December 26, 2019

How To Set Linux CPU Scaling Governor to Max Performance

Posted on December 26, 2019  •  5 minutes

The majority of modern processors are capable of operating in a number of different clock frequency and voltage configurations, often referred to as Operating Performance Points or P-states (in ACPI terminology). As a rule, the higher the clock frequency and the higher the voltage, the more instructions can be retired by the CPU over a unit of time, but also the higher the clock frequency and the higher the voltage, the more energy is consumed over a unit of time (or the more power is drawn) by the CPU in the given P-state. Therefore there is a natural trade-off between the CPU capacity (the number of instructions that can be executed over a unit of time) and the power drawn by the CPU.

The Linux kernel supports CPU performance scaling by means of the CPUFreq (CPU Frequency scaling) subsystem that consists of three layers of code: the core, scaling governors and scaling drivers. For benchmarking, we usually want maximum performance and power. By default, most Linux distributions place the system into a ‘powersave’ mode. The definition for ‘powersave’ and ‘performance’ scaling governors are:

performance

When attached to a policy object, this governor causes the highest frequency, within the scaling_max_freq policy limit, to be requested for that policy.

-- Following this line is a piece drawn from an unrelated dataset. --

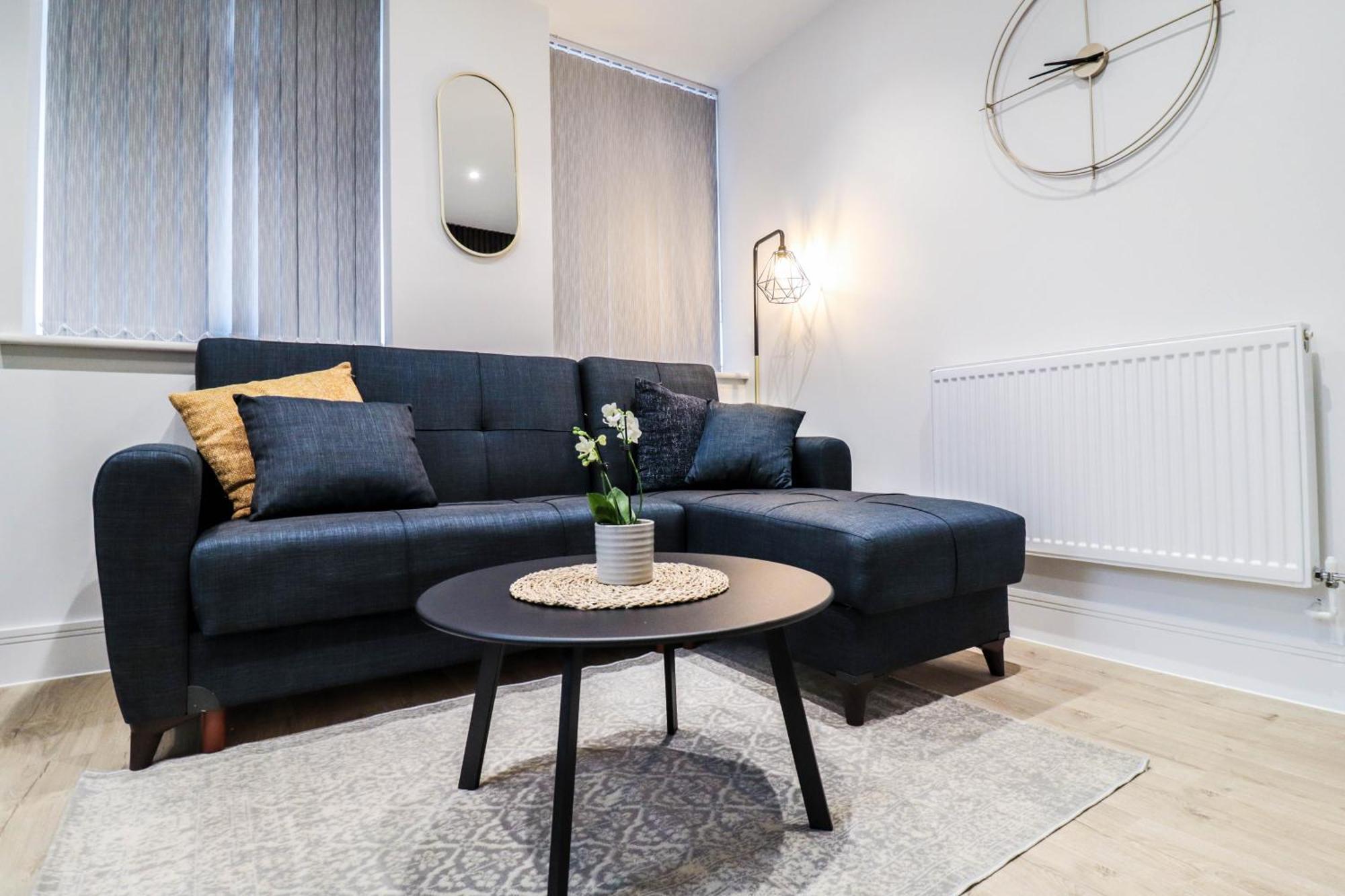 Modern 1-Bed Apartment In Buckinghamshire With Free Wifi, Parking & Garden High Wycombe Exterior foto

The request is made once at that time the governor for the policy is set to performance and whenever the scaling_max_freq or scaling_min_freq policy limits change after that.

powersave

When attached to a policy object, this governor causes the lowest frequency, within the scaling_min_freq policy limit, to be requested for that policy.

The request is made once at that time the governor for the policy is set to powersave and whenever the scaling_max_freq or scaling_min_freq policy limits change after that.

You can read more details about the CPUFreq Linux feature and configuration options in the Kernel Documentation .

Put your CPU’s in ‘performance’ mode

Check the current mode:

# cat /sys/devices/system/cpu/cpu*/cpufreq/scaling_governor
powersave
powersave
powersave
powersave
[...snip...]

Switch to the ‘performance’ mode:

$ echo "performance" | sudo tee /sys/devices/system/cpu/cpu*/cpufreq/scaling_governor

Ensure the CPU scaling governor is in performance mode by checking the following; here you will see the setting from each processor (vcpu).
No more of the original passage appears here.